A newly hatched Mississippi Kite is a fearsome sight, despite its poufy white down. The beak leaves absolutely no doubt that this bird is a raptor. Which is a little odd since it grows up to prefer grasshoppers and cicada caught on the wing to mice and rats or rabbits. Only the smallest raptors, such as Screech Owls prefer insects and amphibians to mice and rats. The Kite doesn’t really fit the bill. The Mississippi Kite is a small to medium raptor that is about the size of a Peregrine Falcon. However, the falcon can weigh as much as three times as much.
The eating habits aren’t the only slightly odd habit. Mississippi Kites migrate long distances to and from central South America in a groups of 20 – 30 individuals. They also nest near each other as a group. Mississippi Kite arrive at the nesting site as mated pairs. Many raptors don’t migrate and those that do usually don’t do so as a flock.

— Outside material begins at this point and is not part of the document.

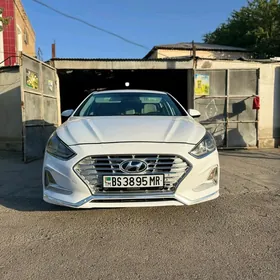 Hyundai Sonata 2017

The Mississippi Kite isn’t a well known raptor. People that see them often mistake them for other birds because the Kite’s gray coloring is so different from other more well known raptors. The head and back are a beautiful pearl gray which darkens along the sides and out the wings. The wings are unusually long (up to three feet) and narrow. The undersides of the wings are a lighter gray. The tail is long and a very dark gray or black. Juveniles have dark brown mottling or stripes and dark brown banding on the tail. This group of juveniles look much like more “traditional” raptors because of their brown markings. They have been released from the large flight cage, but are returning for back-up food. While hunting is instinctual, it takes time to become good at it. So, the Wildlife Center of Texas release sites always provide back-up food until the released birds no longer return.

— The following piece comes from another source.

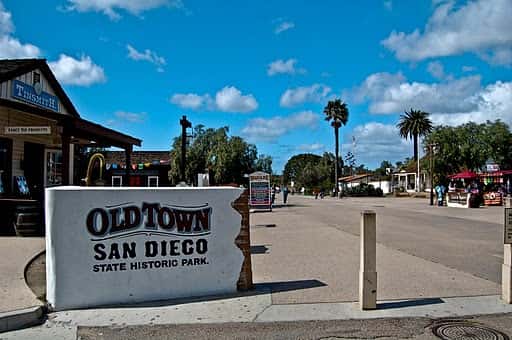 Old Town San Diego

This baby Kite is a very late baby. Most nesting is done in the early spring so the offspring have fledged and are ready to migrate to South America early in September. There are several explanations for this late baby. There are reports of isolated populations that don’t migrate, so a late baby wouldn’t be as big of an issue. The first clutch could have been lost and the pair bred a second time. The final explanation is that the female wasn’t quite old enough for breeding and because of this inexperience allowed a late clutch to be born. Mississippi Kite have a lower clutch survival rate than other raptors. Part of the lower survival rate is that the Kite constructs a flimsy nest which is usually a rehabilitated squirrel nest. The other issue is that Great Horned Owls think Kite babies taste really good. Interesting, urban Kites have a higher survival rate than rural cousins.